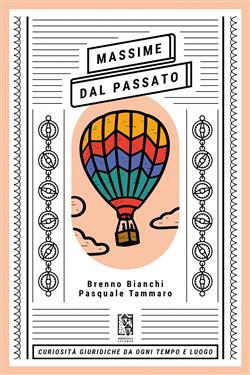 Massime dal passato. Curiosità giuridiche da ogni tempo e luogo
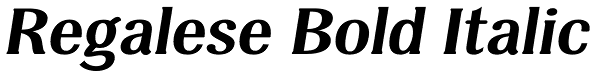 Regalese Bold Italic Font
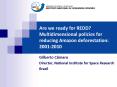 Are we ready for REDD? Multidimensional policies for reducing Amazon deforestation: 2001-2010 PowerPoint PPT Presentation
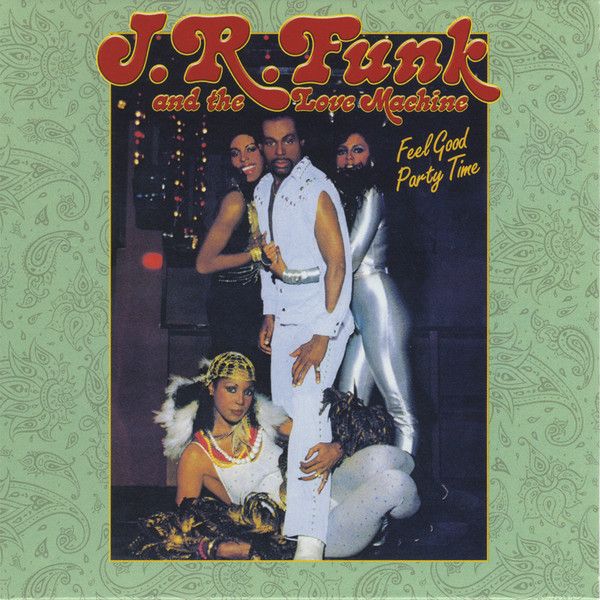 J.R. Funk And The Love Machine– Feel Good Party Time - cd cardboard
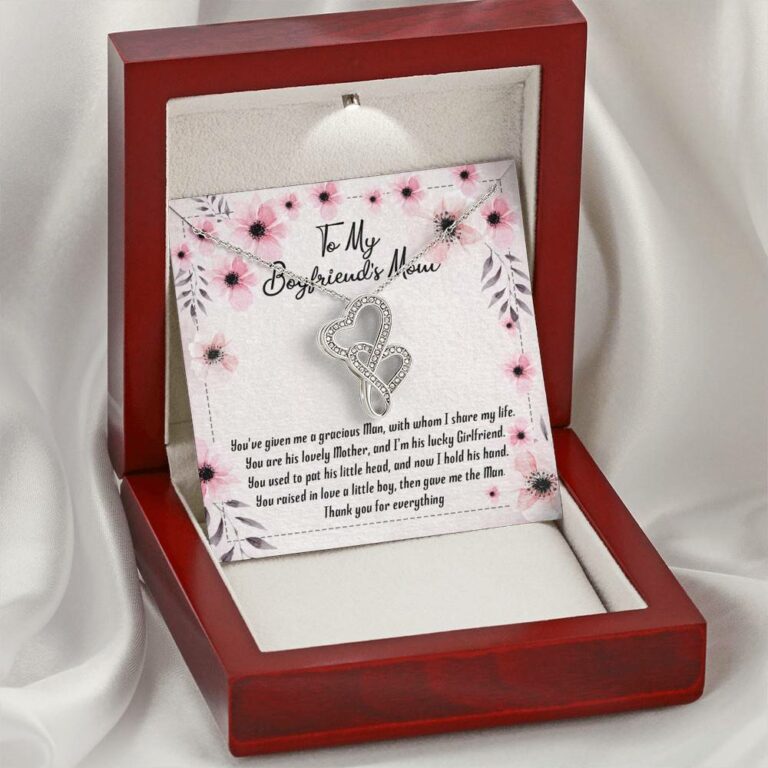 To My Boyfriend's Mom You've Given Me a Gracious Man Mother's Day Gift Double Hearts Pendant Necklace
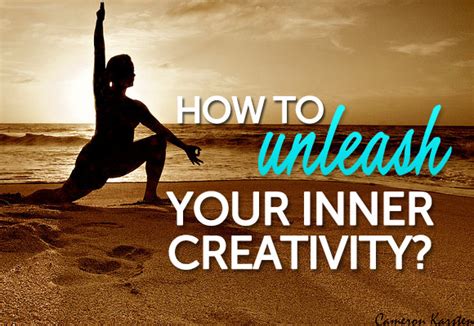 How To Unleash Your Inner Creativity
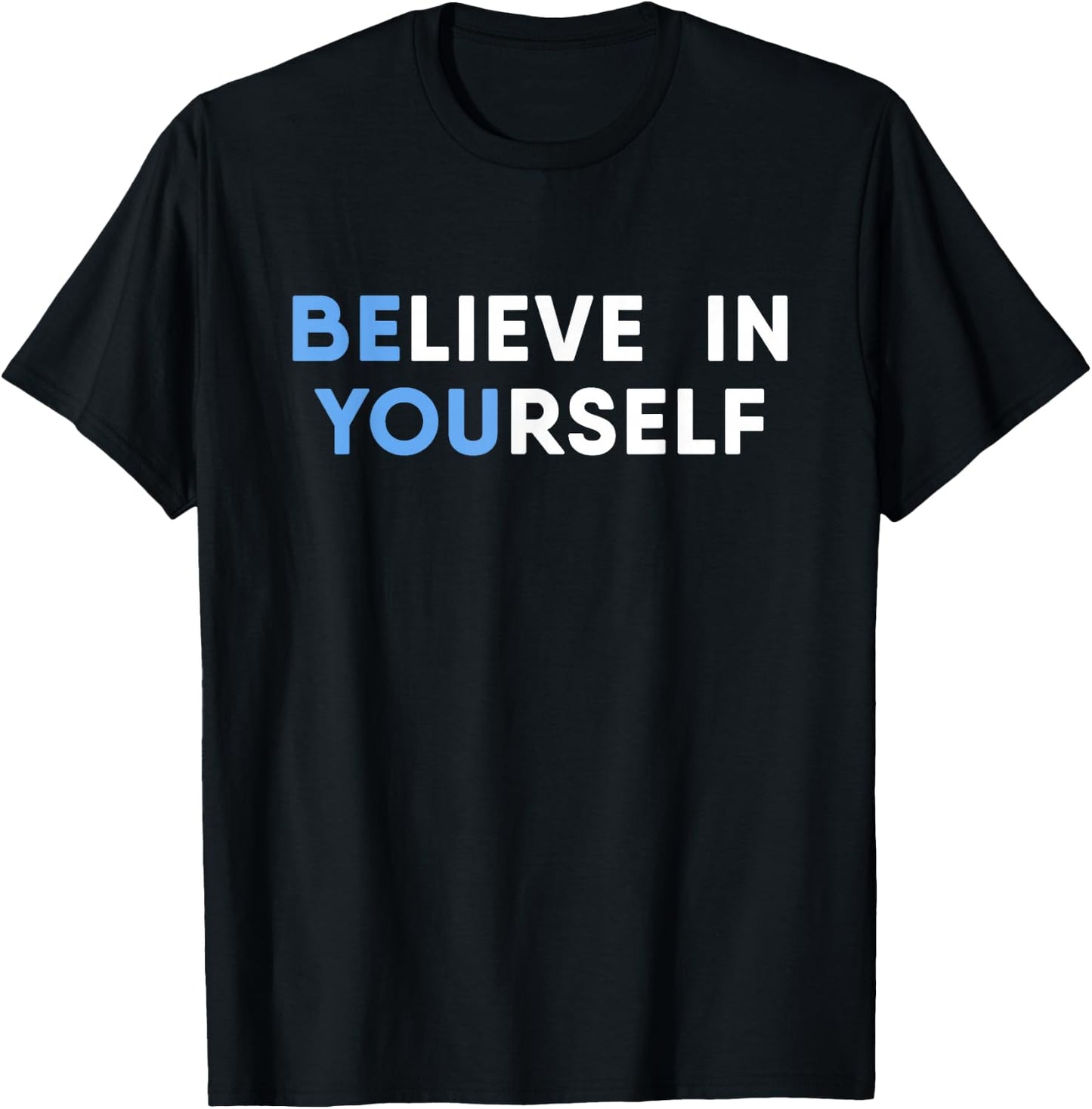 Believe In Yourself Motivation T-Shirt - T-Shirt | Black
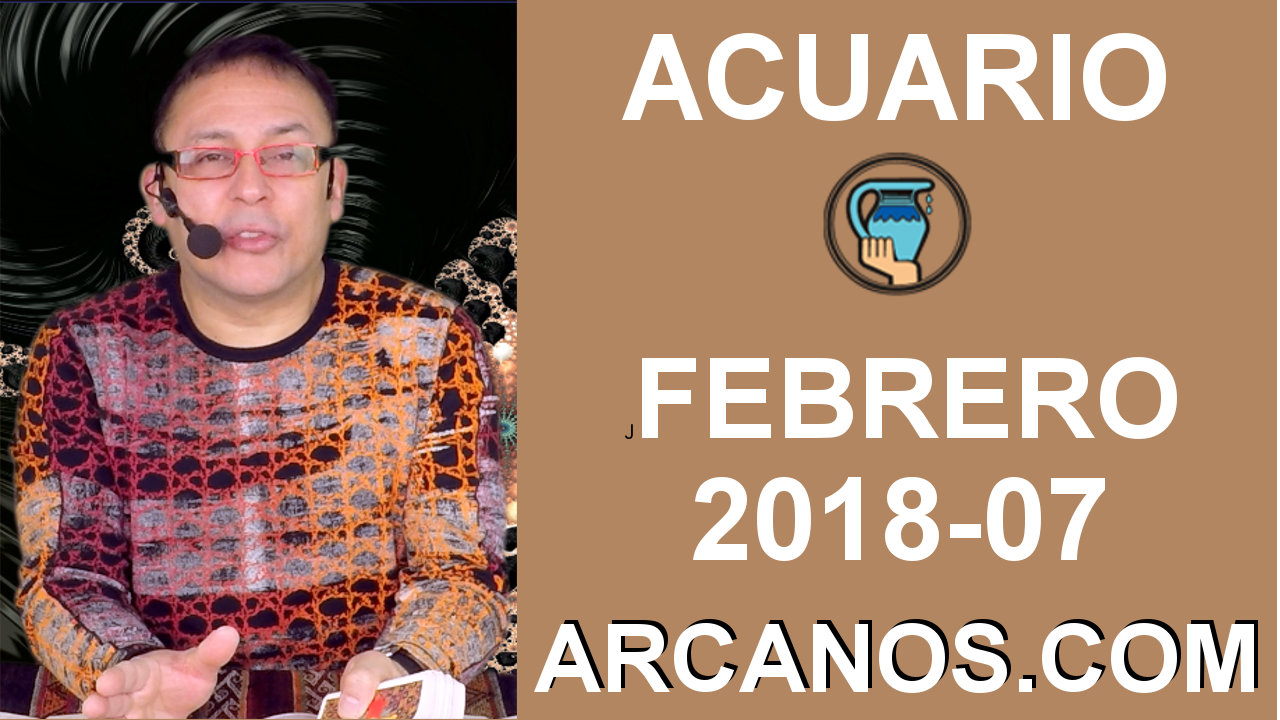 ACUARIO FEBRERO 2018-07-11 al 17 Feb 2018-Amor Solteros Parejas Dinero Trabajo-ARCANOS.COM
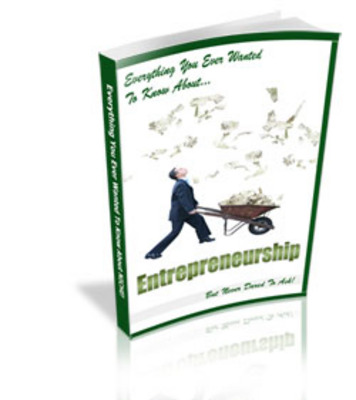 Product picture Entrepreneurship - Everything You Ever Wanted To Know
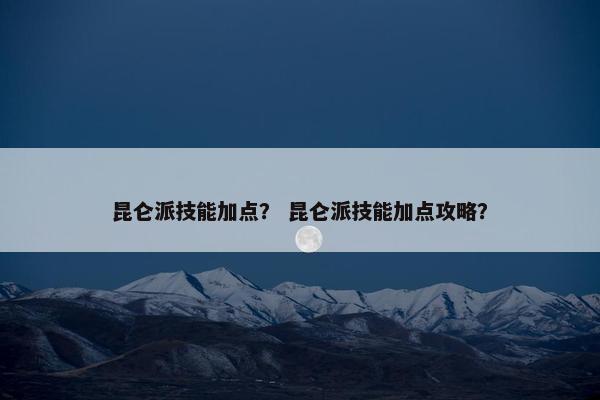 昆仑派技能加点？ 昆仑派技能加点攻略？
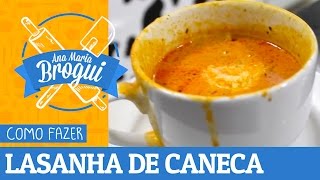 Ana Maria Brogui #117 - Como Fazer Lasanha de Caneca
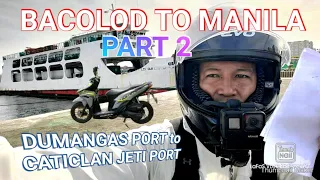 MOTORCYCLE RIDE HONDA CLICK 125i BACOLOD TO MANILA RORO PART 2 ✓✓ DUMANGAS PORT to CATICLAN PORT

▶ [Work to be completed]:
Beginning with the line containing "Product picture Entrepreneurship" and ending with the last line of the data above, repeat each line exactly. Include no pictures and no other lines.

▶ [Written reply]:
 Product picture Entrepreneurship - Everything You Ever Wanted To Know
 昆仑派技能加点？ 昆仑派技能加点攻略？
 Ana Maria Brogui #117 - Como Fazer Lasanha de Caneca
 MOTORCYCLE RIDE HONDA CLICK 125i BACOLOD TO MANILA RORO PART 2 ✓✓ DUMANGAS PORT to CATICLAN PORT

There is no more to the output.